## Task objective
Give an exact transcription limited to the lines from the one with "Learning Deep Part-Aware" through the end of the entries, including both; no pictures belong in it.

## Exercise materials
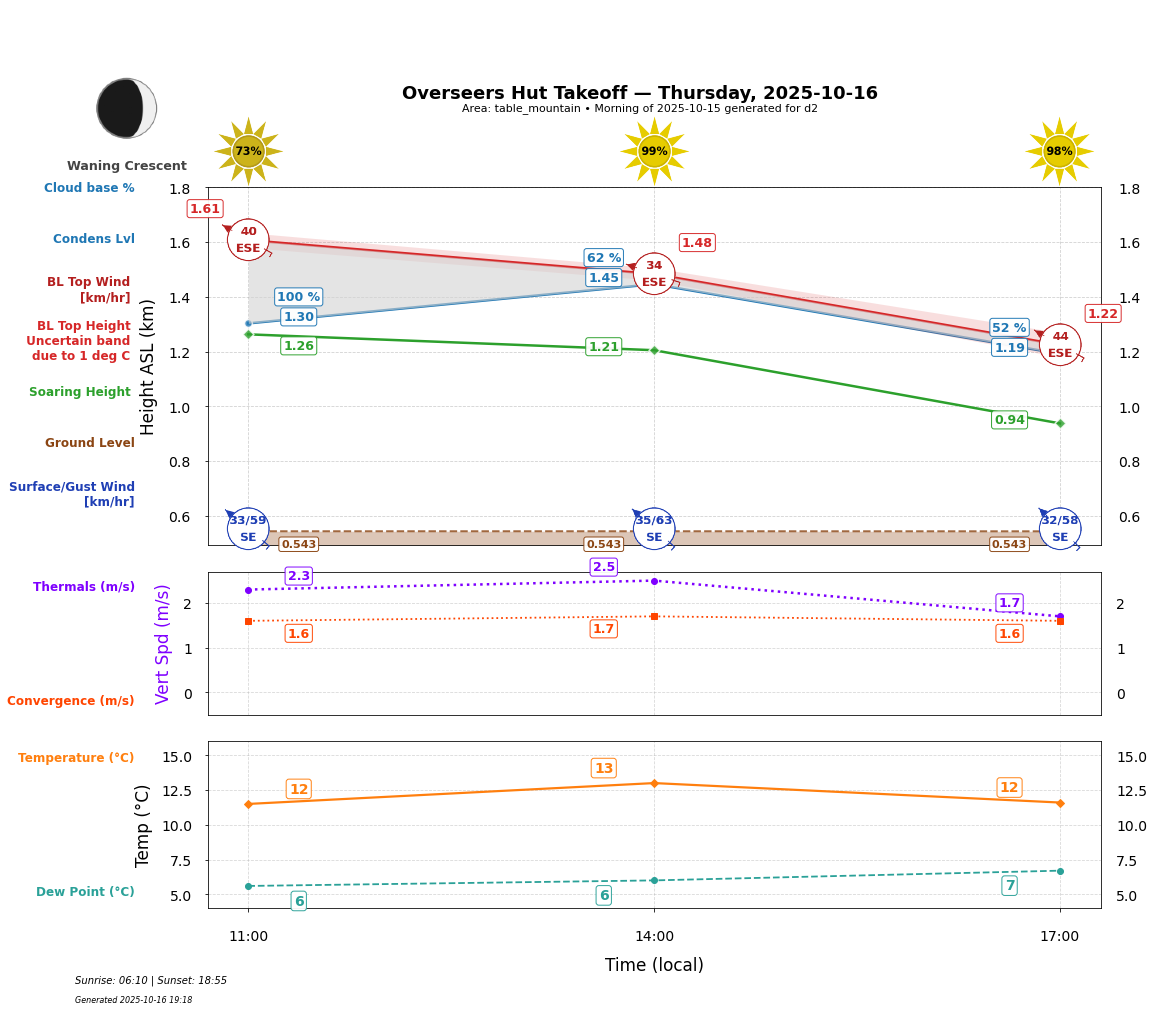 Point forecast for OHT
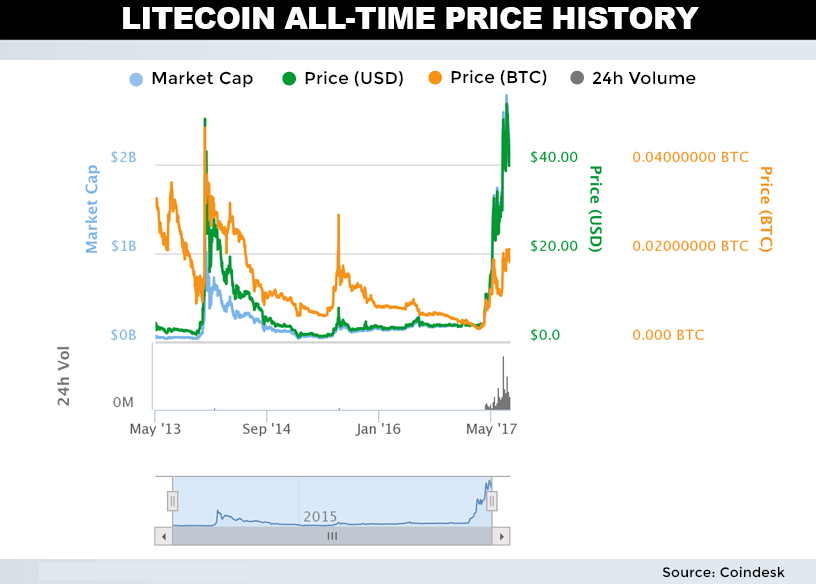 Dgibyte All Time Bitcoin Total Amount Of Litecoins Shri Ram Dgibyte All Time Bitcoin Total Amount Of Litecoins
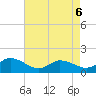 Brown Cove tide chart for Friday, May 6, 2022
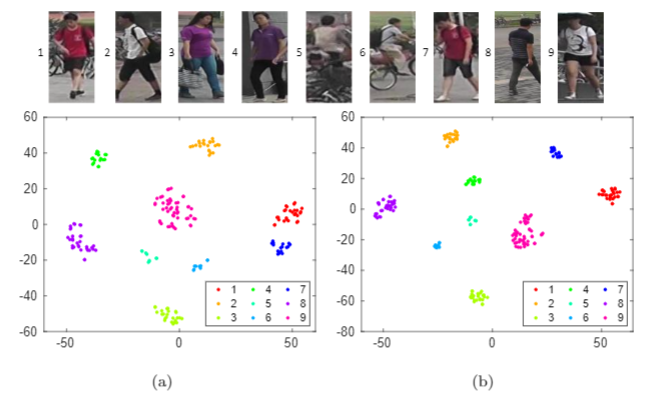 Learning Deep Part-Aware Embedding for Person Retrieval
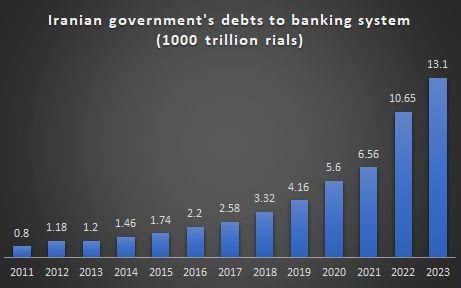 Iranian government's debts to banking system 1000 trillion rials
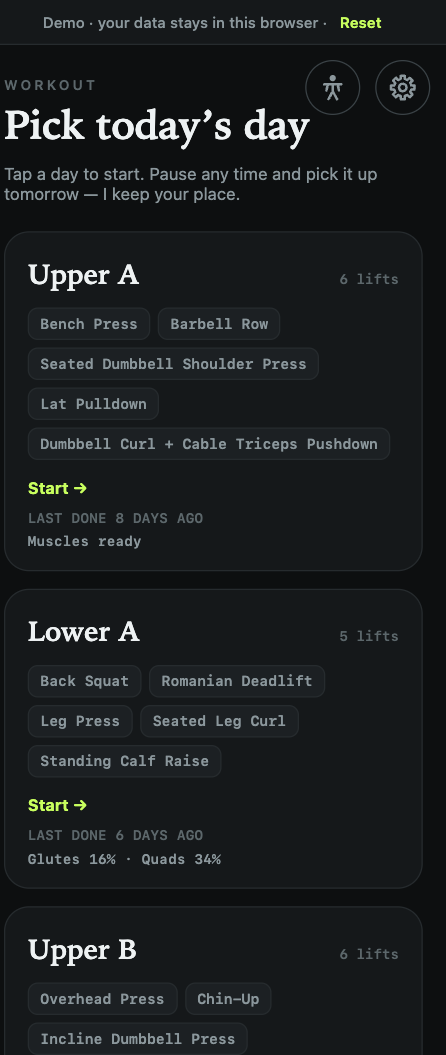 Overview screen listing the training days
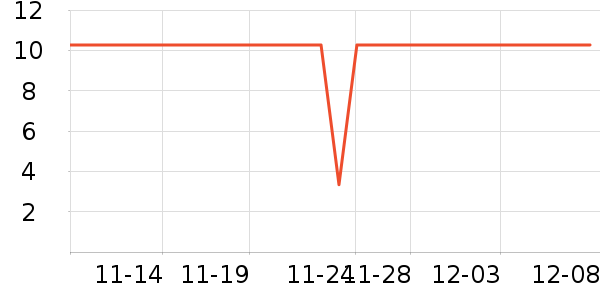 ����������Ʒ��ʷ�۸�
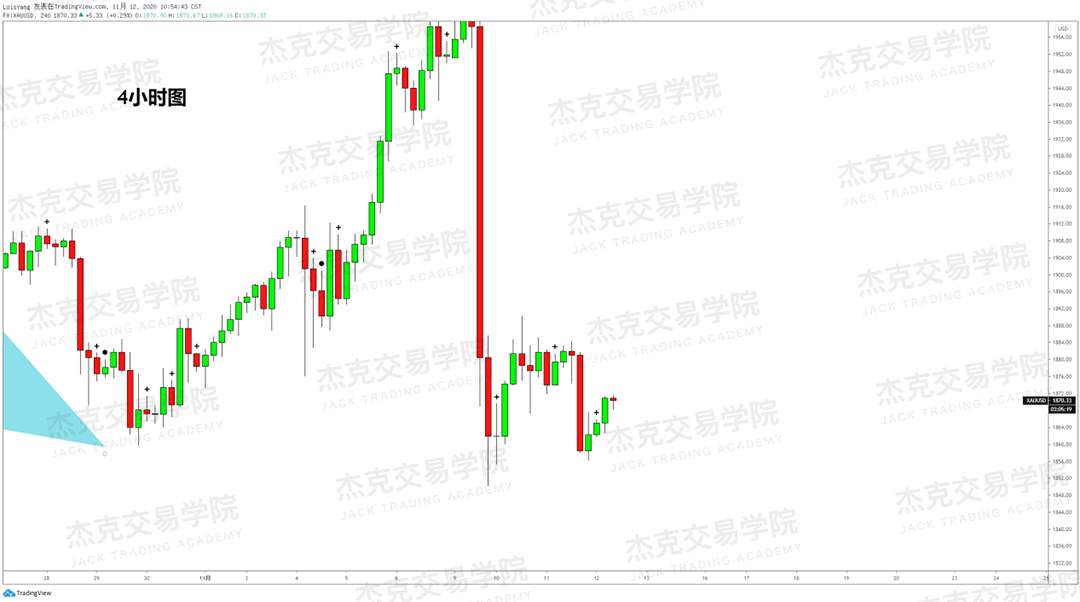 [11月11日策略]黄金/原油/英镑/欧元/美日/澳元/标普/BTC/BCH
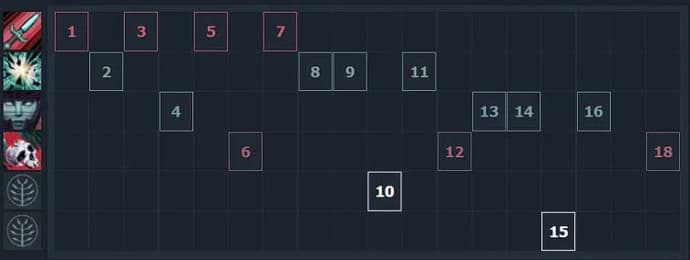 Guide til Phantom Assassin. Et utmerket valg for nybegynnere. Bilde 5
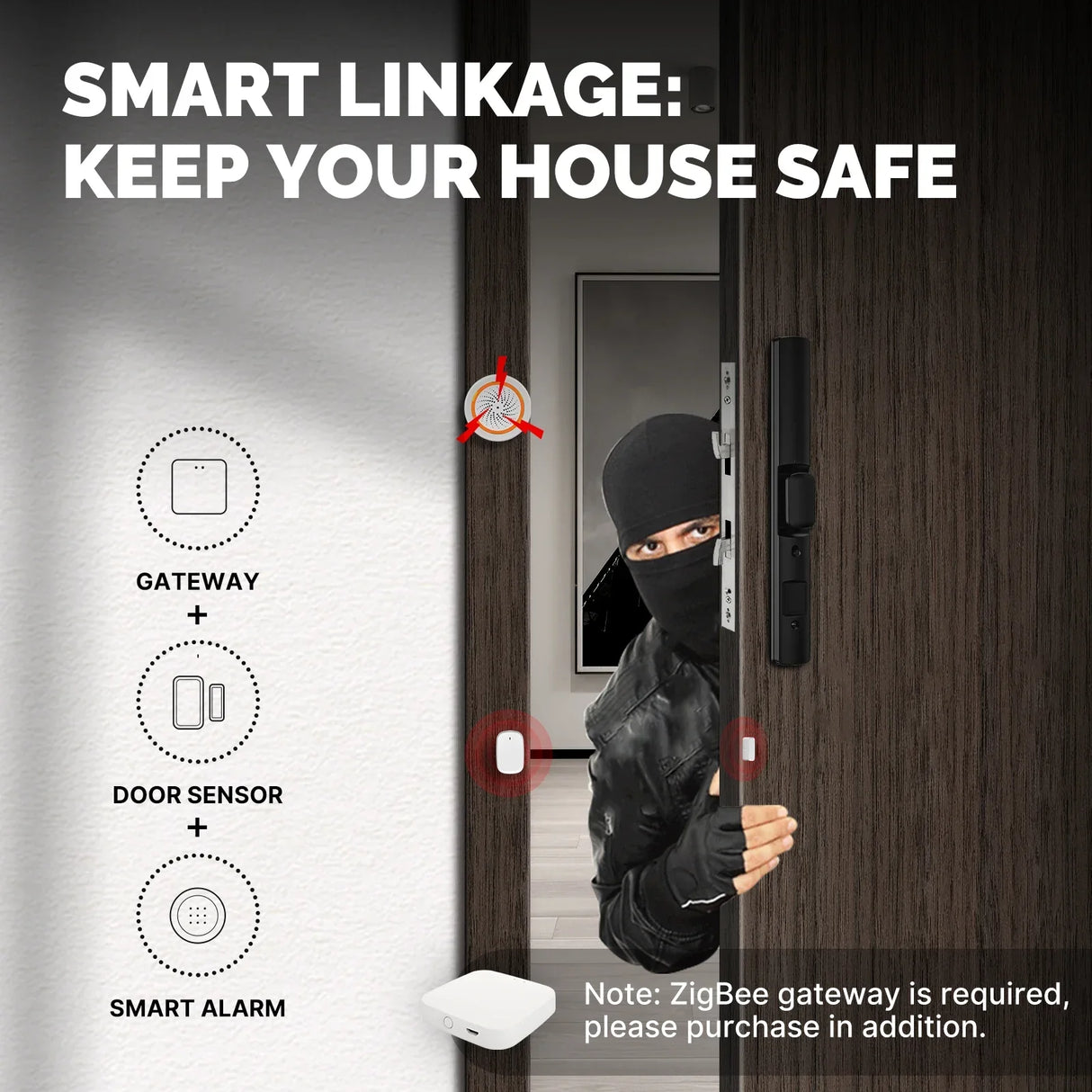 Home security system advertisement.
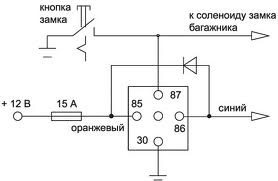 Дистанційне відкриття багажника 4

## Your solution
 Learning Deep Part-Aware Embedding for Person Retrieval
 Iranian government's debts to banking system 1000 trillion rials
 Overview screen listing the training days
 ����������Ʒ��ʷ�۸�
 [11月11日策略]黄金/原油/英镑/欧元/美日/澳元/标普/BTC/BCH
 Guide til Phantom Assassin. Et utmerket valg for nybegynnere. Bilde 5
 Home security system advertisement.
 Дистанційне відкриття багажника 4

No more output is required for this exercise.